In subsequent experiments, accumulation of SSEA-4 and F-actin in recycling endosomes, early endosomes, lysosomes and invadopodia were tested. For this purpose, the recycling endosomal marker Rab11, the early endosomal marker EEA-1, the lysosomal marker LAMP-2 and the invadopodia specific marker cortactin were employed. SSEA-4 and F-actin showed no colocalization with Rab11, EEA-1 or LAMP-2 (Figure 6 and Supplementary Figure S5), suggesting that SSEA-4 and F-actin accumulating puncta do not correspond to recycling endosomes, early endosomes or lysosomes. In contrast, SSEA-4 and F-actin accumulating puncta strongly overlapped with cortactin, suggesting that SSEA-4 and F-actin-rich cellular structures correspond to invadopodia (Figure 6, Supplementary Figures S4 and S5).
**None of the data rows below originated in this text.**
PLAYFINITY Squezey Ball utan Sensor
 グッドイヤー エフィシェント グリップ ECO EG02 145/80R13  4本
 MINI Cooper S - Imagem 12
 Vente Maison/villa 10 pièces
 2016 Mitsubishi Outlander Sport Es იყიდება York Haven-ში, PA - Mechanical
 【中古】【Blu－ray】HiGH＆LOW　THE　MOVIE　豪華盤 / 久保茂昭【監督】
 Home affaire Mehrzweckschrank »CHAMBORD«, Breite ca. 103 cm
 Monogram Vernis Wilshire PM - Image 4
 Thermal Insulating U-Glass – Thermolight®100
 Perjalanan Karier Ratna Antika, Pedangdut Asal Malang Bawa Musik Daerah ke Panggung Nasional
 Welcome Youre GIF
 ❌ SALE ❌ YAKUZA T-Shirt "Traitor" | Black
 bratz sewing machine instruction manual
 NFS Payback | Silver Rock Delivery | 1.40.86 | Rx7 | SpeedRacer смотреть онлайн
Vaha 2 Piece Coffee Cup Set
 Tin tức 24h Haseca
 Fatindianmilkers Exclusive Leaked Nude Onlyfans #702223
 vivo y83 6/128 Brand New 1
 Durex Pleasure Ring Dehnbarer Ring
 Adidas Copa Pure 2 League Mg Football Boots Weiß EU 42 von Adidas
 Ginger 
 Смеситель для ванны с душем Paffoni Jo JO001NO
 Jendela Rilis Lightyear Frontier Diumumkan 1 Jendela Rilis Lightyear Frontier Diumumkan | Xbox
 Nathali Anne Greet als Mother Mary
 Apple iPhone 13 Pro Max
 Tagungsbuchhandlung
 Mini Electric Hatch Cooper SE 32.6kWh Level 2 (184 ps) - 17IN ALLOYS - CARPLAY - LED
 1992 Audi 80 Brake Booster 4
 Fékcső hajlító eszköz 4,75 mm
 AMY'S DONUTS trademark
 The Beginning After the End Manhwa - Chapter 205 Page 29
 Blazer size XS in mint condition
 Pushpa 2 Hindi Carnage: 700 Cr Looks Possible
Invadopodia are enriched in expression of SSEA-4 and signaling molecules

The formation of invadopodia in human cancer cells requires the activity of PI3K, Akt and Src (Ayala et al. 2008; Yamaguchi et al. 2011). Hence, it is expected that active signaling molecules including phosphorylated PI3K, Akt and Src (pPI3K, pAkt and pSrc) accumulate in invadopodia. Therefore, we examined the potential colocalization of SSEA-4 and active signaling molecules. As shown in Figure 7A, SSEA-4 expression colocalized with the expression of pSrc, pPI3K and pAkt. Although pSrc accumulated to some extent in most SSEA-4-rich structures, it also accumulated in SSEA-4 compartments. However, pPI3K expression mostly overlapped with SSEA-4 expression. Taken together, these data confirm that SSEA-4 accumulates in invadopodia.

Fig. 7.

Fig. 7.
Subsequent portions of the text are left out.